Eye Toy: Antigrav

Review

posted 12/15/2004 by Charlie Sinhaseni
other articles by Charlie Sinhaseni
One Page Platforms: PS2
I’m a huge supporter of Sony’s Eye Toy. While everyone at Gamers Day 2003 was anxious to get their hands on Gran Turismo 4, I was stoked to get some quality time with the camera peripheral. I mean, I love racing games and all but there’s so much promise with the Eye Toy. Many people believe that it’s just a gimmicky camera that’s capable of taking photographs, but the device is so much more. Its motion sensing technology can lead to some pretty impressive results, and Antigrav is just the beginning of what could be the next step in video gaming.

For those of you who aren’t familiar with the device, the Eye Toy is a motion-sensing camera that allows players to use their bodies to manipulate the action. When the player makes a move, it registers with a sensor on the camera which then reflects the action back onto the screen. The device has an unlimited amount of potential and while some developers are starting to incorporate the device into their games, they’re basically only using it for its picture taking abilities. It’s more though, the motion sensor has the ability to track the player and use them as a controller. That’s exactly what Antigrav is all about. It’s a futuristic hover board racing game but there’s a huge twist. Instead of controlling the game with a controller, players utilize their head and their arms to manipulate the action. Antigrav is also the first Eye Toy game really aimed at the mainstream audience. After the initial calibration sequence the game does away with the video and maps all your actions onto their on-screen personas.

Before each race the camera calibrates itself by locking onto your face. This is pivotal because the position of your face in relation to the original position determines how your character reacts. Move a little to the left and your character sways gently in that direction, lean all the way and your character makes a hard turn. Additionally, the head is used to control the vertical orientation of the character as well. In order to jump players will need to physically jump while players can duck by (duh) ducking. Furthermore players can utilize a speed boost by getting into a crouch and perform tricks by moving their arms. It really is amazing to perform the action with your body and watching it happen on the screen. When you move your arms your character moves his arms too; I got a real kick out of this as I spent a good five minutes flailing my arms and watching my character mimic my actions.
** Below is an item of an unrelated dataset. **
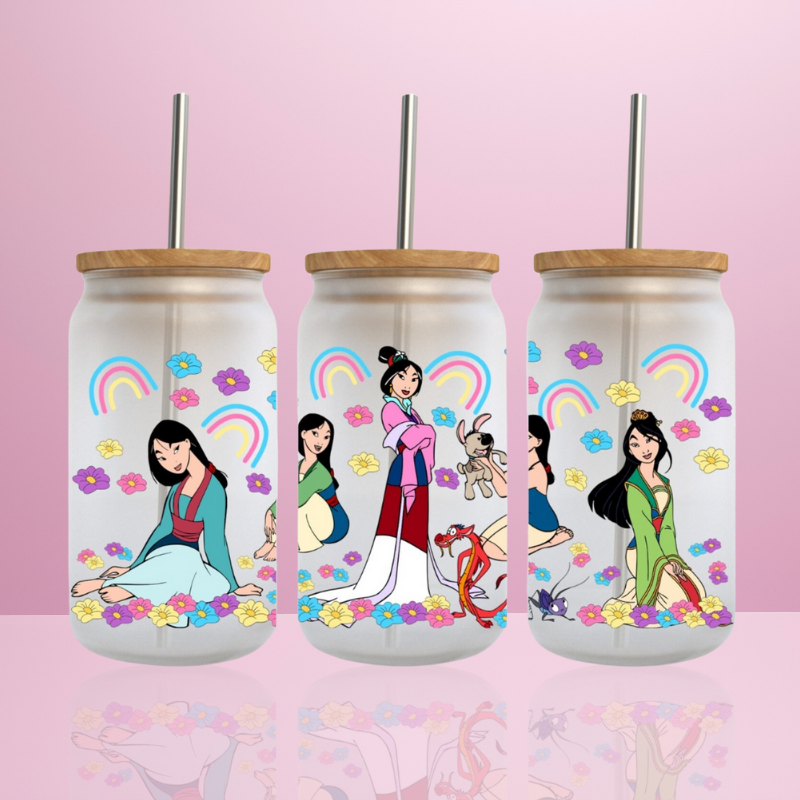 Mulan - Verre givré avec couvercle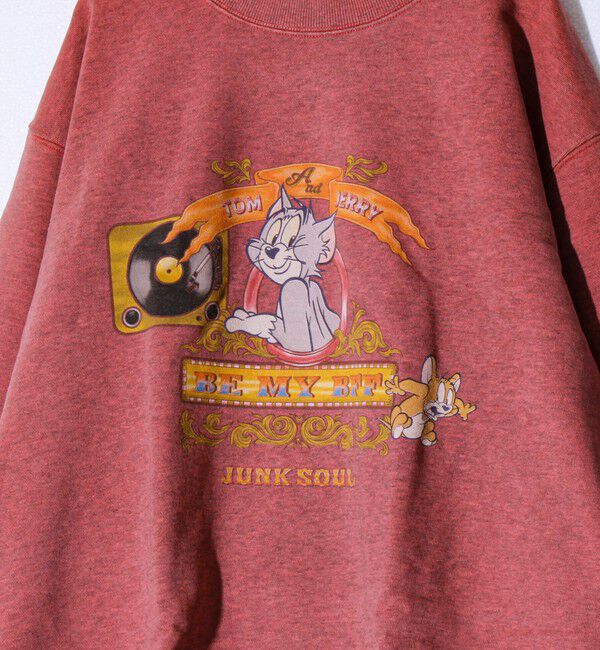 GLOSTER「【JUNKSOUL/ジャンクソウル】TOM&JERRY RECORD スウェット」|スウェット・ジャージ|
There are two different ways to play through each of the game’s five different courses. Race mode is a straight-forward race through the course against three other competitors. To advance in the Race mode you will need to place first in three separate heats of increasing difficulty. Winning all three heats will unlock the next course in the game and some new upgrades for your rider. Although there are only five different courses, each feature enough paths and shortcuts to make them consistently interesting. On average, each race lasts about 5 minutes as you travel from the start to the finish. There’s some good variety in the locales as well as you’ll race around lakes, through busy cities and across snow-capped peaks.

Your other option is to participate in the stunt mode which requires you to earn a certain amount of points in order to move on. Points are earned by performing wild and insane stunts off one the game’s numerous ramps and launch points. Tricks are performed by waving the arms in different motions; there are a lot of tricks available and some special combos as well. Also, performing stunts also has that added bonus of filling up a boost meter that can be used to propel the racer ahead of the competition.

Rails play a pivotal role in the game as they provide players with shortcuts and a decided advantage in the speed department. As you travel along rails you’ll notice some floating icons; hitting the icons with your hands will give you a speed boost that is crucial to success in the game. Hitting the icons is part of the fun as you’ll need to physically raise your hands up and down in order to hit the icons as they pass by. It’s a hell of a lot of fun when the game is functioning properly. I say properly because there’s a high likelihood that you won’t have access to the optimal playing conditions.